Des taureaux sans cornes de plus en plus performants
Mais aujourd’hui, les taureaux polled n’ont plus à rougir. « Les processus de sélections sont aussi stricts pour les non cornus que pour les autres, et le génotypage a beaucoup aidé à faire progresser le sans cornes », confirme Julien Poussier. Si bien que la mode est lancée. « En 2017, nous faisions 7 % d’IA sans cornes en Charolais sur la région Normandie. Aujourd’hui, il représente 46 % des mises en place ».
Ainsi, sur les 10 taureaux d’insémination utilisés sur la ferme, 8 sont sans cornes. Et pour les rattrapages, le couple s’est offert les services de Ténor PP, un homozygote sans cornes arrivé sur la ferme l’année dernière. « Nous n’avons pas encore d’homozygotes parmi les mères, donc il y a encore un peu d’incertitude sur les naissances. Avec Ténor, on devrait avoir de beaux produits », apprécie l’éleveur. D’autant que les taureaux sans cornes deviennent des plaisirs accessibles. « Avant, il fallait compter dans le 10 000 €, ça n’était pas raisonnable. Aujourd’hui, on commence à trouver des animaux homozygotes autour des 5 à 6 000 € ».
Mais le but n’est pas de chercher l’homozygotie à tout prix. Ataxie, mais surtout facilité de naissance et recherche de qualité maternelle restent les priorités de l’éleveur. « Le sans cornes reste un plus, et l’objectif reste d’atteindre les 100 % de produits sans cornes à terme ».
Des animaux plus calmes
Car pour le couple, le sans cornes est plus qu’un confort. Rattachée à l’Institut Polytechnique Unilasalle, la Ferme de Maurepas a coutume d’accueillir des étudiants. « Nous avons beaucoup de visites pédagogiques sur la structure, et je trouve important d’avoir des animaux calmes. Avec le sans cornes, nous avons moins de problèmes de compétition ou de dominance dans les lots », ajoute Nathalie.
Je ne supportais plus l’odeur du fer à écorner
Autre avantage, les écornages sont de moins en moins fréquents. « L’idée du sans cornes est un petit peu venue du fait que je ne supportais plus l’odeur du grillé à l’écornage », confie l’éleveuse. « On s’est rapidement dit que s’il y avait des solutions génétiques pour éviter ça aux animaux, il fallait sauter le pas », ajoute son mari. Cette année, les éleveurs ont eu 7 veaux à écorner à la pâte.

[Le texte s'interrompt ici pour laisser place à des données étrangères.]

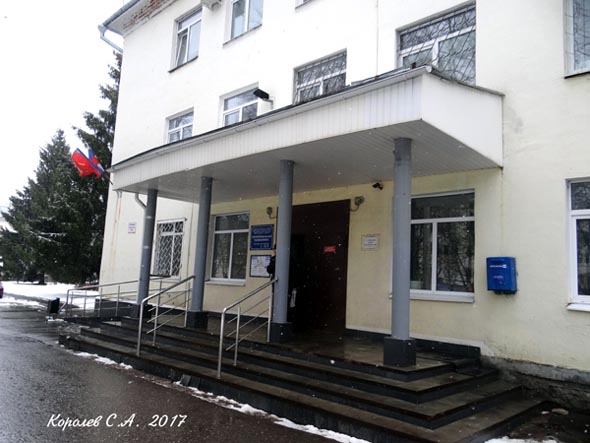 территориальная поликлиника «Городской больницы N 2» на Токарева во Владимире фото vgv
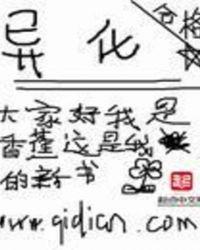 异化开天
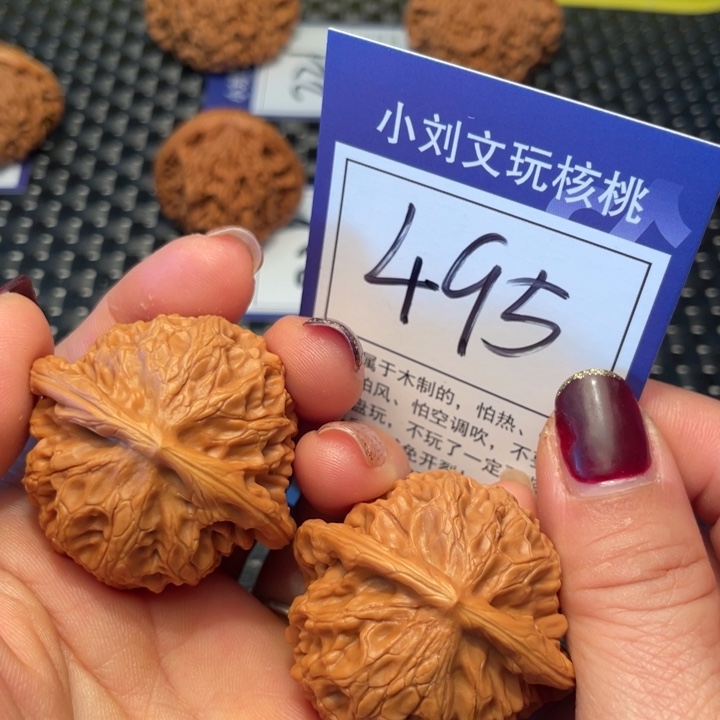 桃核把件43宫灯495。。。。。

Un plus pour la vente de reproducteurs
La génétique sans cornes a également été un plus pour la structure. « Nous croyons beaucoup en la polyculture élevage, et la génétique nous permet de maintenir un troupeau de Charolaises modeste, mais aux nombreuses plus-values », estime Luc Brouant.
Sur la ferme, le renouvellement est important : compter entre 37 et 43 % selon les années. Une manière de faire progresser la génétique et de vendre des produits intéressants. « L’année dernière, nous avons vendu 12 reproducteurs », souffle Luc, qui vend généralement des vaches pleines en plus de jeunes génisses.

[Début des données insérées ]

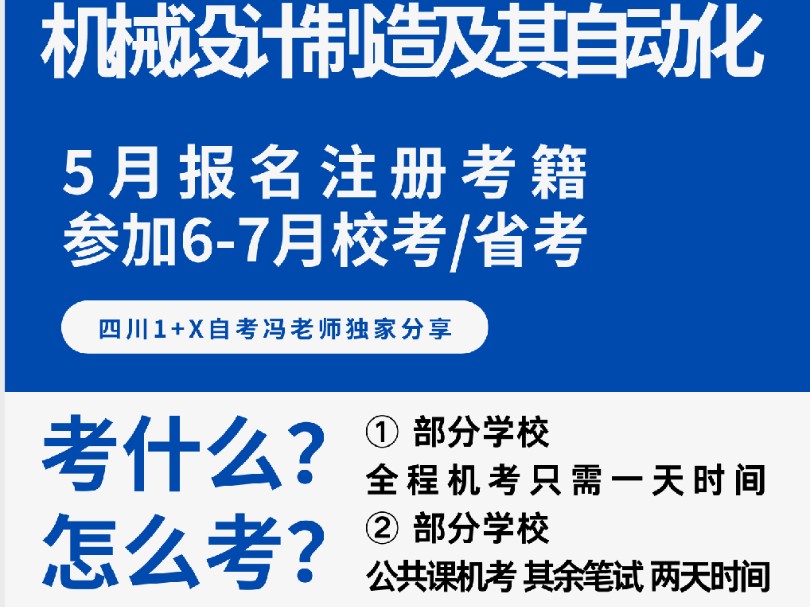 ★机械设计制造及其自动化自考本科现在报名参加七月校考考什么?怎么考?哔哩哔哩bilibili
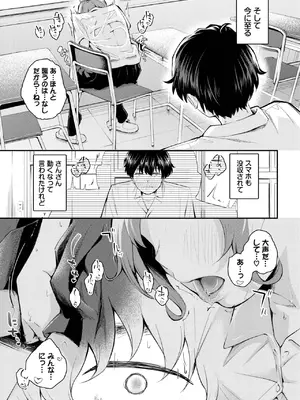 COMIC BAVEL 2025年4月号 [DL版]_299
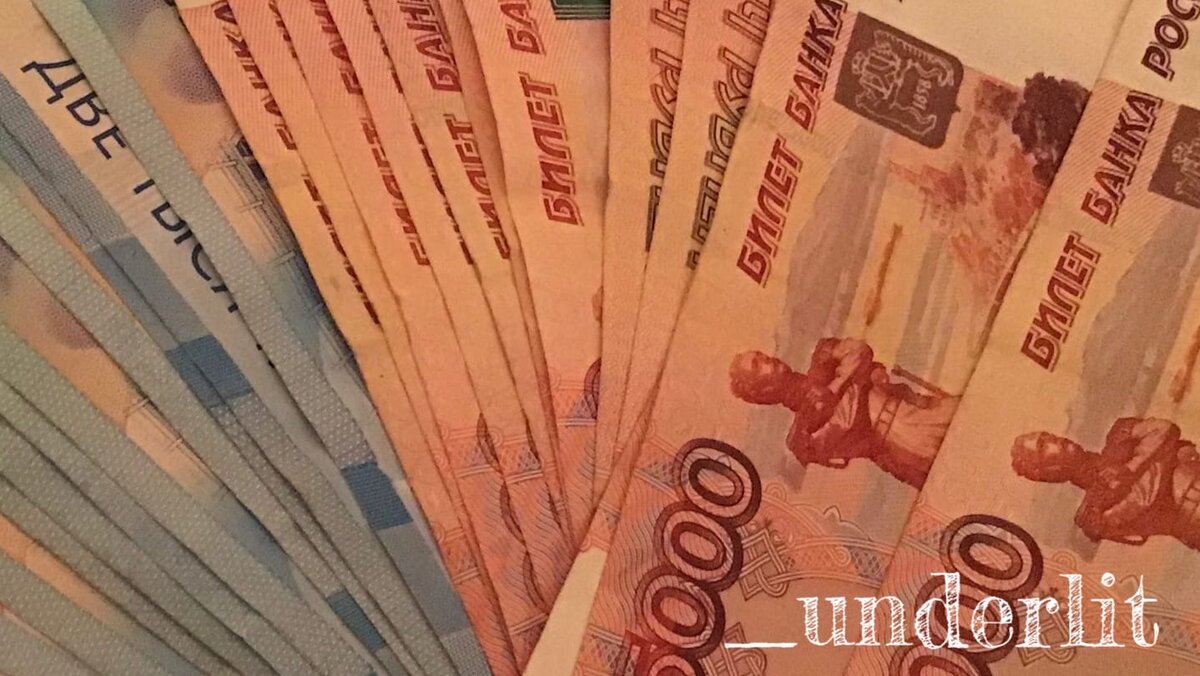За секунду до уничтожения инфляцией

Les éleveurs génotypent l’intégralité des laitonnes. Une manière de connaître le statut des animaux, et de certifier la généalogie. « C’est important d’avoir des garanties, parce que parfois, on voit des choses bizarres », concède Nathalie.
Parmi les meilleurs produits sortis de la Ferme de Maurepas figure Jackpot, un taureau présenté au catalogue Gènes Diffusion. Alors pour le couple, le sans cornes est aussi une manière de « se mettre à la page » pour la vente de reproducteurs. « Le niveau génétique, c’est ce qui permet à notre petit troupeau d’être rentable et de se maintenir », tranche Luc.